RESENHA BIBLIOGRÁFICA

Antonio Mendes Júnior

Professor no Departamento de Fundamentos Sociais e Jurídicos da Administração da EAESP/FGV

Lucas, John Randolpoh. Democracia e participação: Trad. Cairo Paranhos Rocha. Brasília, Editora da Universidade de Brasília, 1985. 228 p.

Antes de mais nada, duas palavras sobre a coleção da qual faz parte este volume, denominada Pensamento Político. Raras vezes encontramos no Brasil, no campo da ciência política, um conjunto de bras que reúna, a um só tempo, a alta qualidade dos textos e autores, o ineditismo, a excelente impressão, as qualificadas traduções e o preço acessível, como nesta.

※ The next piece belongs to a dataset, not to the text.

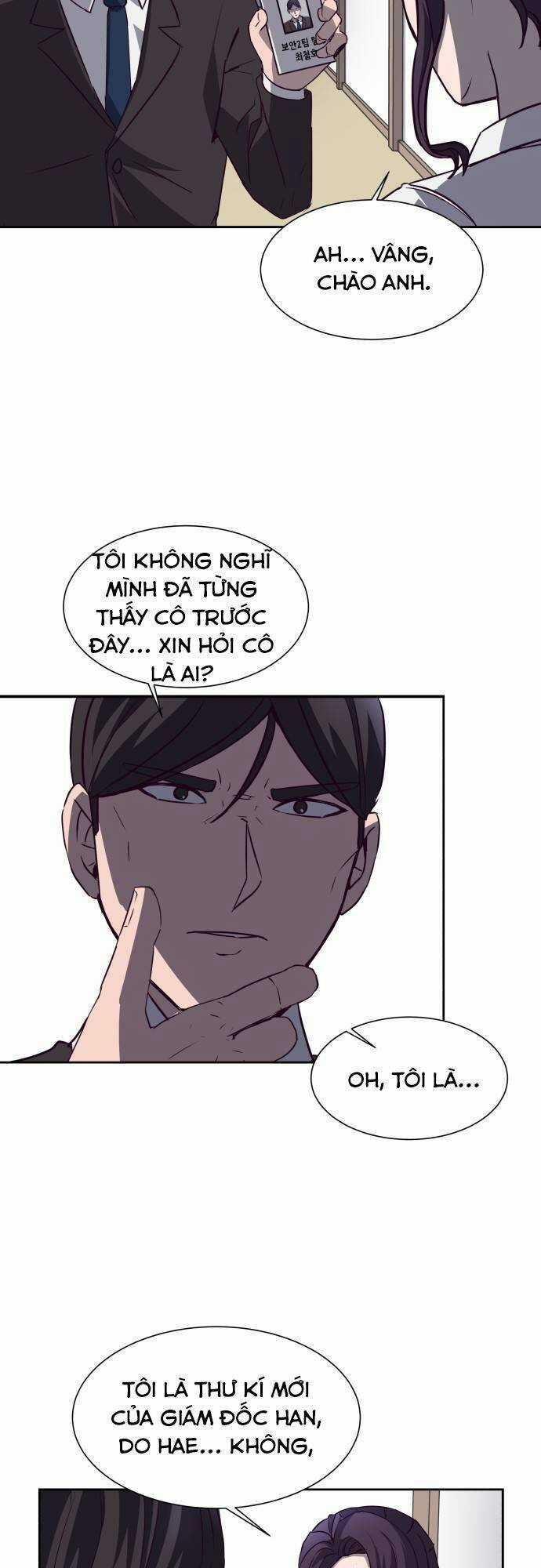 Thời Khắc Định Mệnh - Chapter 7 - Trang 15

Já tendo publicado em torno de 70 títulos, a Pensamento Político coloca ao alcance de estudantes e pesquisadores nomes como Norberto Bobbio, Hannah Arendt, Raymond Aron, Karl Deutsch, além de clássicos (Montesquieu, Thomas Morus, entre outros). Trata-se, por conseguinte, de importante contribuição nesta área em que pululam os trabalhos desimportantes e - principalmente - as péssimas traduções.

Não é, certamente, o caso deste Democracia e participação de Randolph Lucas. Embora escrito em 1973 (primeira edição inglesa pela Penguin Books, em 1975), seu texto perdeu muito pouco em atualidade. Ao contrário, no caso do Brasil de 1986, nunca duas palavras estiveram tão intimamente ligadas, principalmente após a edição do "pacote" econômico de fevereiro e do aparecimento dos "fiscais do Presidente Sarney". Jamais, neste país, a participação popular atingiu, na defesa do interesse comum, tamanho grau. Em nenhum momento foi tão importante a consciência da ligação entre o conceito de democracia e o conceito de participação.

Lucas inicia seu trabalho, ainda na introdução, com uma frase muito significativa: "Democracia é um substantivo, mas deveria ser um adjetivo." De certa maneira, e em que pese a alguns ângulos de abordagem diferenciados, o livro busca demonstrar tal afirmação.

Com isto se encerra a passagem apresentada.